Task statement:
Restate word for word the entries below, starting with the line with "Digital image of" and continuing through the line with "Poster - Green". Include both of those lines and no others.
*-*-*
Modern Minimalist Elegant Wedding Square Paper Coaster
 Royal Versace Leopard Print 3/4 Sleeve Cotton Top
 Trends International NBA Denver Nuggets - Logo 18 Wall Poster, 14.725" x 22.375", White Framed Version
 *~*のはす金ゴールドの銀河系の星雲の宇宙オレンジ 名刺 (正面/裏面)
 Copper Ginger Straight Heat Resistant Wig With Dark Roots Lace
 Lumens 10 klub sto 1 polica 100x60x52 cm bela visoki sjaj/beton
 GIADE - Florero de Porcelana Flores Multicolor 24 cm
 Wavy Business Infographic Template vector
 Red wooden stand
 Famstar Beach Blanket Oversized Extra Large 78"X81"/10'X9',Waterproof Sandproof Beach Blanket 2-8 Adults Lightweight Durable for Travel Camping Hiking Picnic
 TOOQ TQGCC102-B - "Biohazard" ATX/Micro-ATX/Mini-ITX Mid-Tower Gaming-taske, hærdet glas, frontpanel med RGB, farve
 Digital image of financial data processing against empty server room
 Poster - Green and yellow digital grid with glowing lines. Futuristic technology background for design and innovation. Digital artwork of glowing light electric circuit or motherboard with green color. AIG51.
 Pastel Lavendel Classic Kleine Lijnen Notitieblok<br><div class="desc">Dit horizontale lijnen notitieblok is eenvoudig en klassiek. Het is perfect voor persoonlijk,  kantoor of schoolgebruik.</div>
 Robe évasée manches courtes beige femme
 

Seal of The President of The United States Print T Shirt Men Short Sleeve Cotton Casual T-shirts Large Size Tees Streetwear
*-*-*
Task answer:
 Digital image of financial data processing against empty server room
 Poster - Green and yellow digital grid with glowing lines. Futuristic technology background for design and innovation. Digital artwork of glowing light electric circuit or motherboard with green color. AIG51.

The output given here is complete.